I used to read about tribal peoples who honored
shamans, or priests, or witches (whatever named)
who seemed to me to be madder than hatters.
They talked to things and critters no one else
ever saw, either; the wind, the spirits of the east
and west and south and north, to rocks and trees
and ancestors and moonlight and bags of keepsakes.

Are all of them completely mad?

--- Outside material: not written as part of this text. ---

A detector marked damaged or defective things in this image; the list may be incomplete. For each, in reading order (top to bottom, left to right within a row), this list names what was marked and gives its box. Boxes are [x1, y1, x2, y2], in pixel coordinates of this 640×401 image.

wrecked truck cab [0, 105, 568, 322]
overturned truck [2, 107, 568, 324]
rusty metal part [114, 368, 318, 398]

I used to wonder.
Why do they call these delusional madmen holy men?
Sometimes the advice they got was good:  Go
somewhere else and hunt!  The spirit of the bison
is angry with you here.  Go to Montana!

Sometimes the advice of the holy ones was awful:
Sacrifice a young girl!  Put out the female babies to die!
Cut off a finger!  Fast for seven days!  Cut your skin
and hang yourself on leather thongs until you faint.

Why do we do things like that?
Why do we imagine Councils of Eternal Elders?
Why do we listen to people who obviously are crazy,
or who hear voices?  Why do we mutilate ourselves
to make it rain, or to find food?  Why subjugate women?
Why do we support enormous organized bands
of shamans who tell us what to do, and give them money?

I used to be one of them, you know.
It was not a very good fit.  I quit.

I think we imagine other realities because
the one we have, the universe we are in,
the only thing we know for sure, is not simple.
It is almost incomprehensibly old and large.
It is complex almost beyond our ability to know.

It does not come with an  answer sheet.
It has no blueprints on file.
It is gloriously out-of-scale to our own lives!
Whether we look for something larger,
or for something smaller still, they are there!

Out in our locust tree, this morning, there are five
new Morning Glory blossoms.  Yesterday's blooms
are folded and still.  Tomorrow, there may be more.

If it is not possible to understand how good it is
to come to life and blossom in a tree, how
the only difference between the Morning Glory and us
is our time at blossom, and a huge and incredible
ability to comprehend what is going one, and to stand
in amazement and delight that all of this is true,
then perhaps finding a shaman who talks to
the wind, who hears voices, who will tell you
what to think, what to value, and what to do
might be a clumsy and useful way to get through.

I think not.  I cannot imagine that.